With the pictures omitted, write out all of the listing exactly.

Dataset content:
···

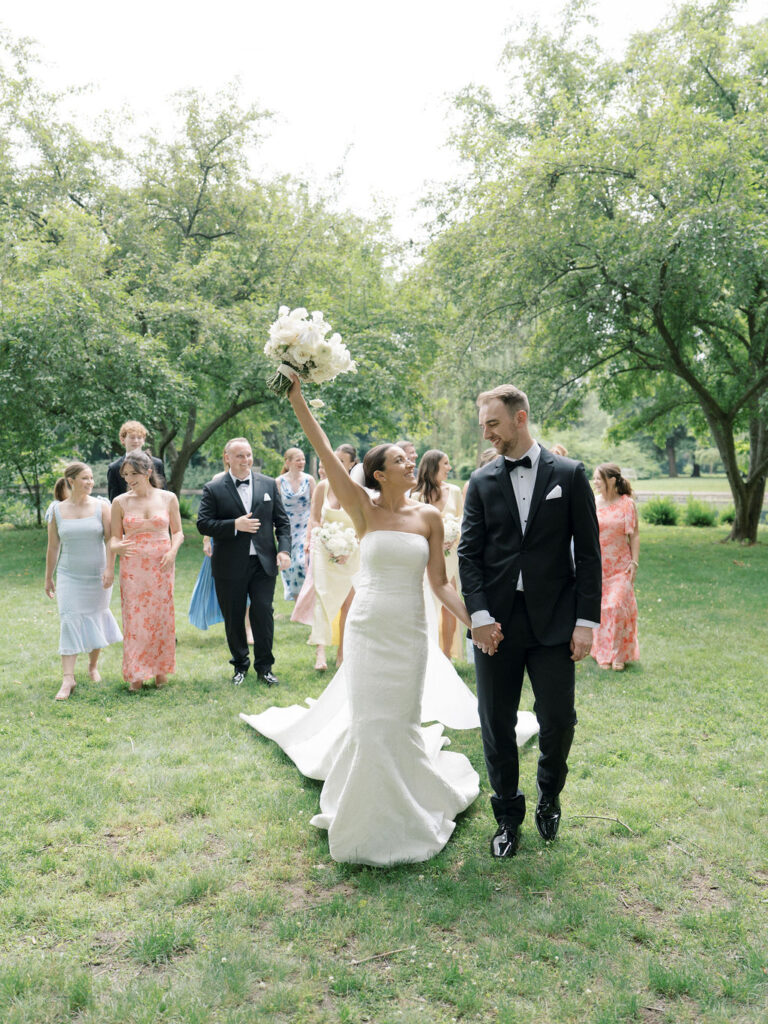 Bride laughing and holding bouquet during candid wedding party portraits at Saint Mary’s Notre Dame wedding – Cynthia Mae Photo.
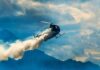 Helicopter releasing smoke over mountains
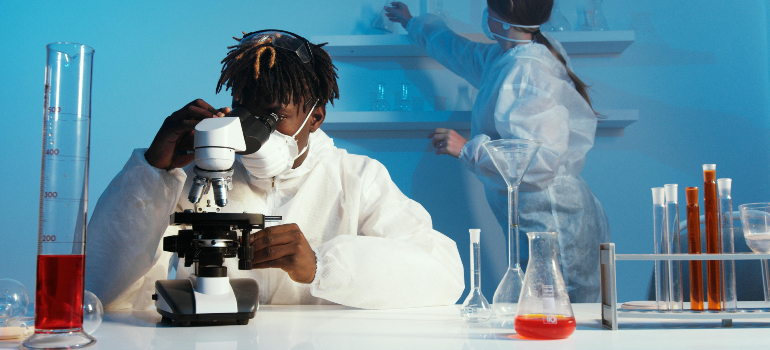 two people doing an experiment with a microscope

···

Written response:
 Bride laughing and holding bouquet during candid wedding party portraits at Saint Mary’s Notre Dame wedding – Cynthia Mae Photo.
 Helicopter releasing smoke over mountains
 two people doing an experiment with a microscope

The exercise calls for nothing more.